What is the relationship between our individual consciousness, and the collective consciousness of humankind? Like the individual lasers that comprise a hologram, each of us enfolds the entirety of human consciousness within us, though we only project a small segment of it. Self-awareness that isn’t self-centered opens one to the entirety of content-consciousness, and beyond its increasingly dark domain.

Indeed, human consciousness is darkness, to varying degrees, which is also the world as it is. That is, the world is the outward expression of collective human consciousness. Therefore if awareness and insight do not awaken and grow in enough people, the world will not change, and will continue to darken and deteriorate.

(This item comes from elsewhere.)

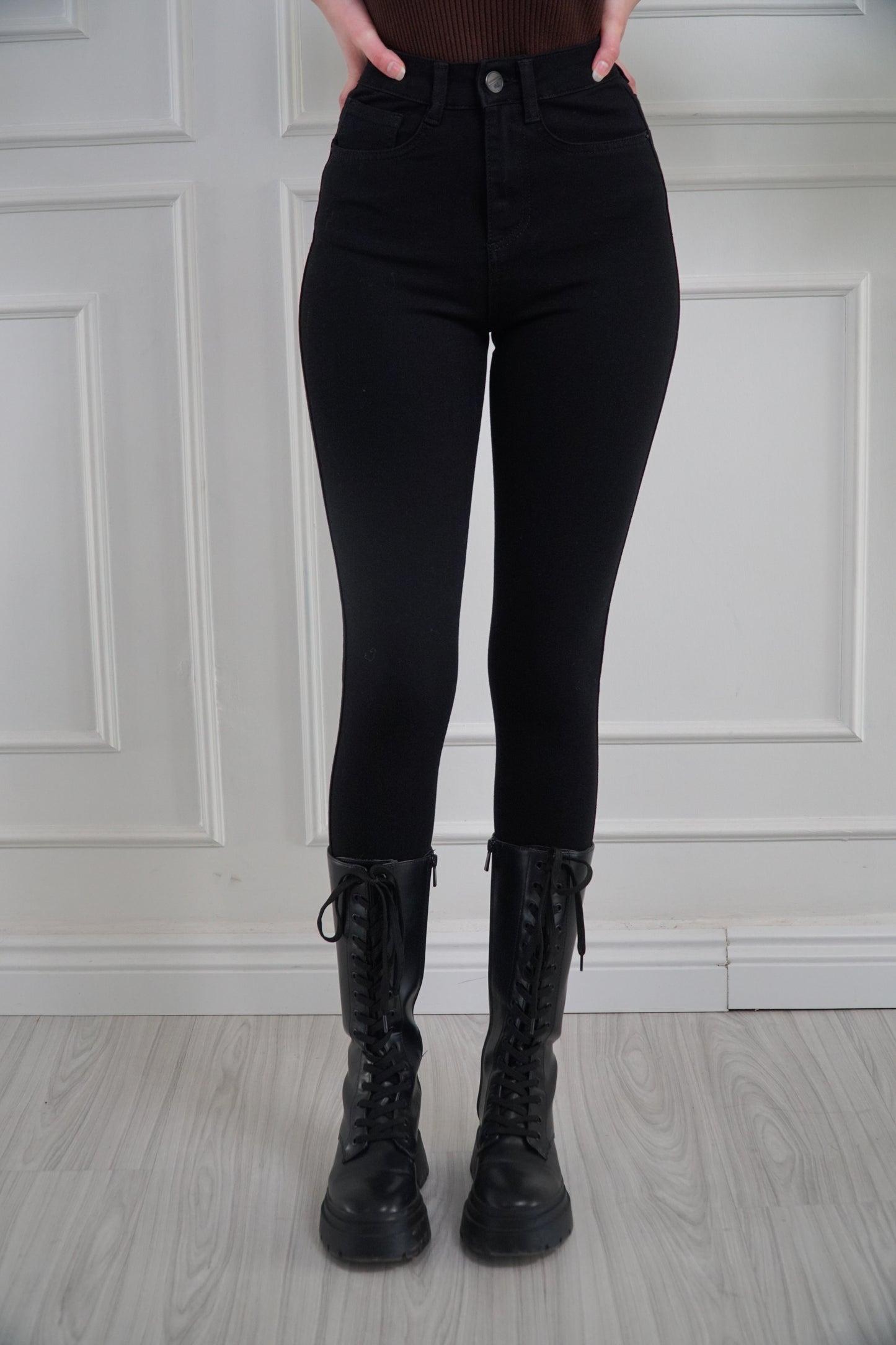 Likralı Siyah Jean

I’m not referring to awareness about something-Darfur, child soldiers in Uganda, or the oppression of the Burmese people—but awareness that is inseparable from action. The 60’s notion that ‘raising awareness’ will lead to redressing injustice is based on the same fallacy as traditional journalism, which is that if people know about something, if they have the right information, they will act on it, and the situation will improve.

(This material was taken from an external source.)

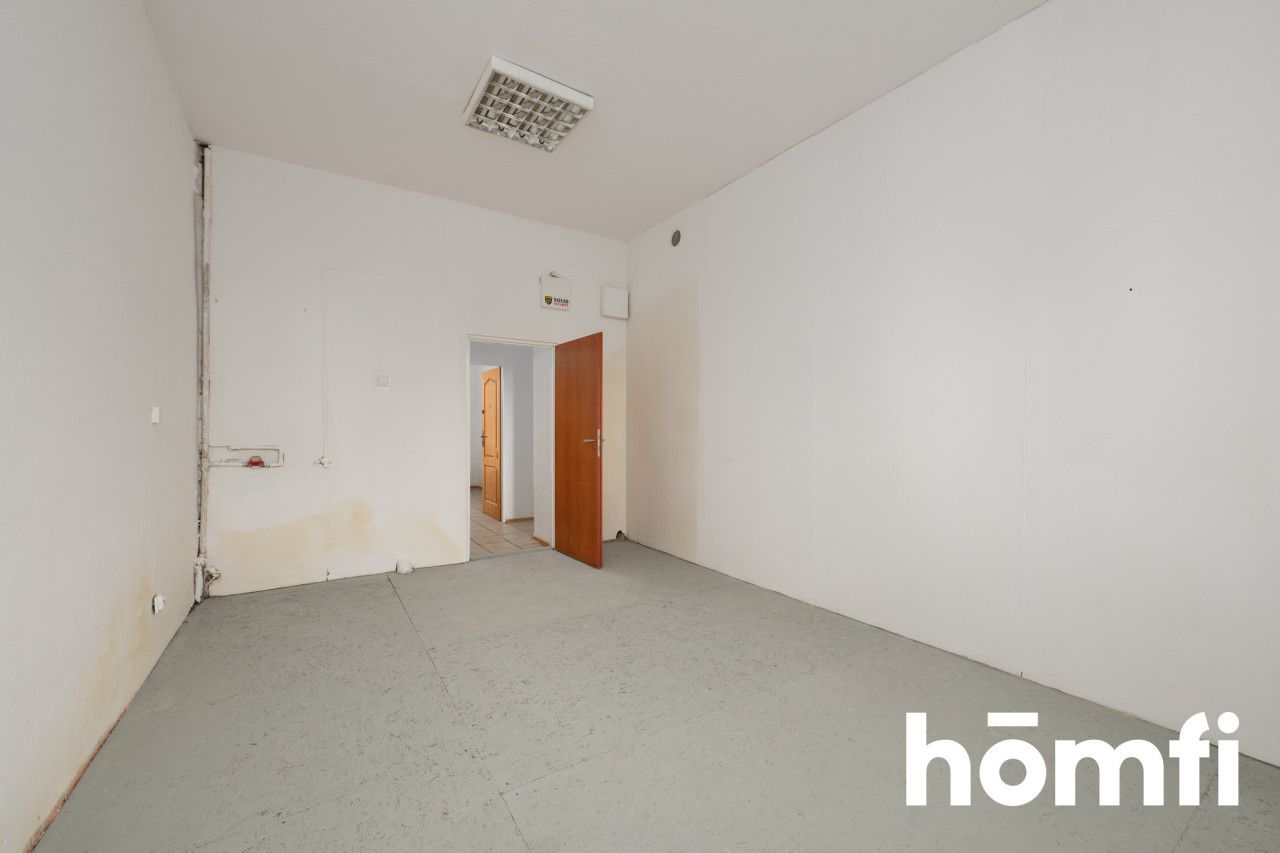 Commercial premises with a large shop window, 53.5 m2 in the center - Commercial premises - Sale - Wrocław, os. Ołbin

But we have a surplus of knowledge and information, and yet economic injustice and environmental degradation aren’t decreasing, they’re increasing. And on the individual level, more and more people are simply tuning out, and concerning themselves only with the personal dimension--themselves, their families, and their friends.

Is there any other way? Yes, the material of the past, which is human consciousness, can ignite within us, allowing humankind to move in a new direction. That’s the only thing that can change the course of humankind.

What is the threshold for such a phenomenon? When awareness and insight awaken in enough people (perhaps only 1% of the world’s population), human consciousness will ignite.

So our individual responsibility is very great, especially since most of the world’s people live at or below a subsistence level and cannot concern themselves with such matters. Obviously, people who are barely eking by do not have the energy and time to transform consciousness within themselves.

Those who require the tangible cannot see the ineffable, but those who experience the ineffable will manifest intelligence tangibly. Trying to implement visions and plans before the revolution ignites is a prescription for more fragmentation and destruction.

Because there is no utopia does not mean the only option is adapting to a world of increasing dystopia. In my last column I said the revolution wouldn’t begin in America. But perhaps it has to be kindled, at least where human consciousness is the darkest, and where the material is the densest.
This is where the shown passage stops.